We continue our series of interviews with various artists from different levels of seniority and backgrounds!
We will be exploring Artist’s parcours, career paths, and artistic choices.
Today we talk to Graeme McDougall, CG Lead/Supervisor, who has worked with us on many projects including the most recent Zemeckis’ The Witches and His Dark Materials.
– Hi Graeme ! Thanks for taking some time to discuss your job today! What would you say a CG Supervisor, or Assistant CFX Art Director entails?

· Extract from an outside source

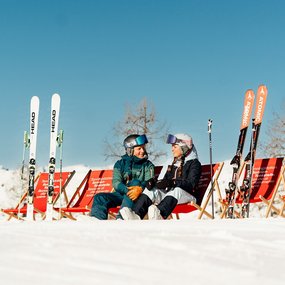 Junges Paar bei den Sonnentankstellen im Skigebiet Bad Kleinkirchheim, Top Winter-Aussicht in den österreichischen Alpen, Pause mit Panorama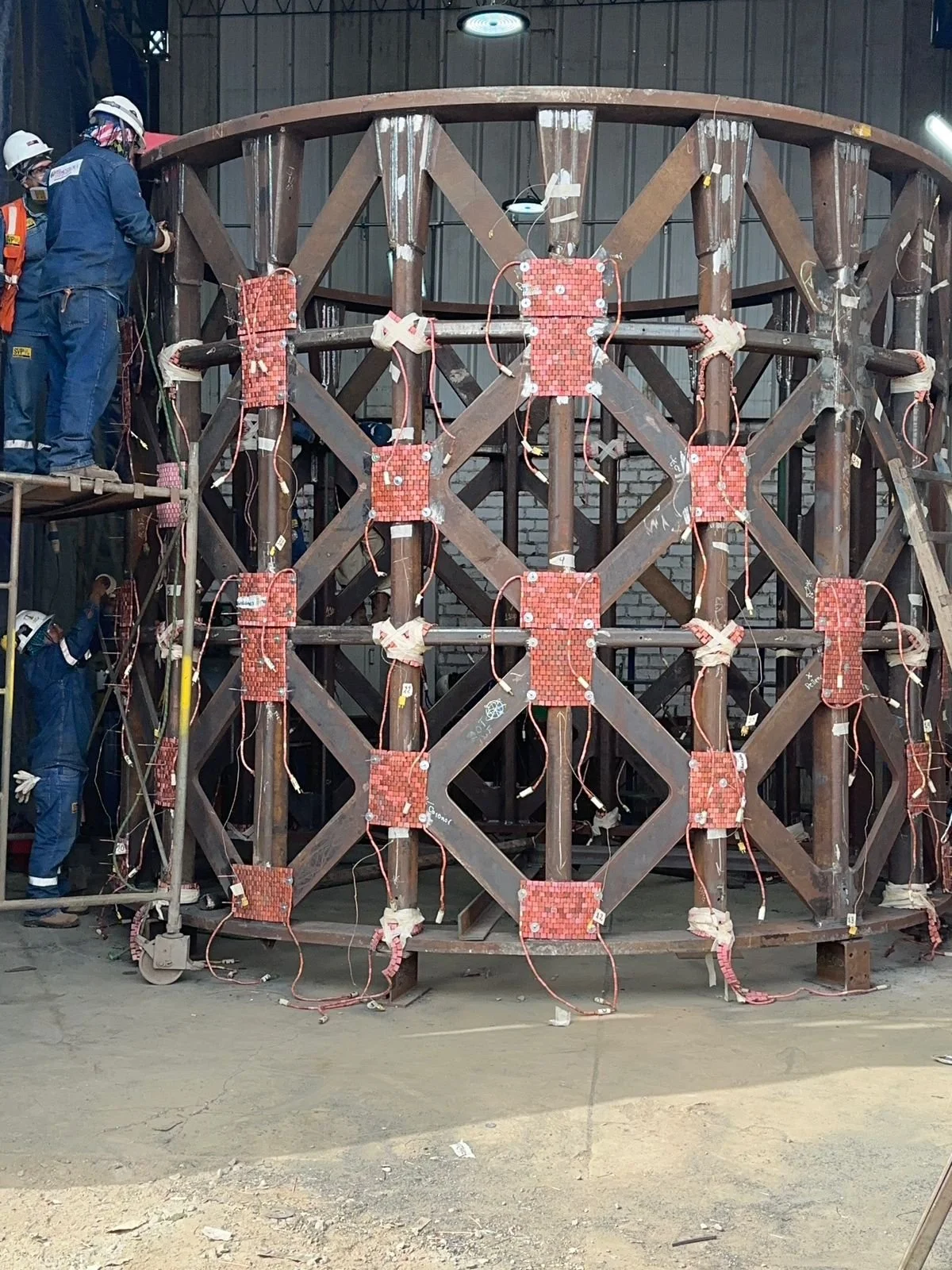 Estructura metálica de gran tamaño en proceso de ensamblaje, con varios trabajadores en un taller, usando equipo de protección y soldando partes de la estructura.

– Hello! Well as a CG Lead in a smaller company, my work still involves quite a lot of hands-on 3D work. It regularly falls to me to come up with technical solutions to challenges in production, or to help evaluate the pros & cons of different approaches to a design challenge. I’ll often look at different pieces of software or plugins & try them out to see which might give the best results for the task at hand. I’d say for a CG Lead, you should have an overview of most areas of 3D work, from modelling, texturing, shaders & lighting, scripting/ TD type work, rigging & animation. You’ll need to know enough about compositing & matte-painting to be able to support those artists & provide them what they need to be able to do their work smoothly. You don’t have to be an expert in all fields of course, we all have our strengths & areas of expertise. You need to trust the other people in the team to do their work when they can get a result faster or better than you can. I think a lot of us start out wanting to make everything from scratch & do every part of the process ourselves but the realities of pre-production & deadlines gradually teach us that we need to make use of all the assets and resources available to us. When you’re working in smaller, more nimble teams in pre-production, it’s very useful to be able to jump in & fill a gap, whether that’s UVing a model, fixing the weighting on a character or putting together a quick slap-comp to demonstrate an idea.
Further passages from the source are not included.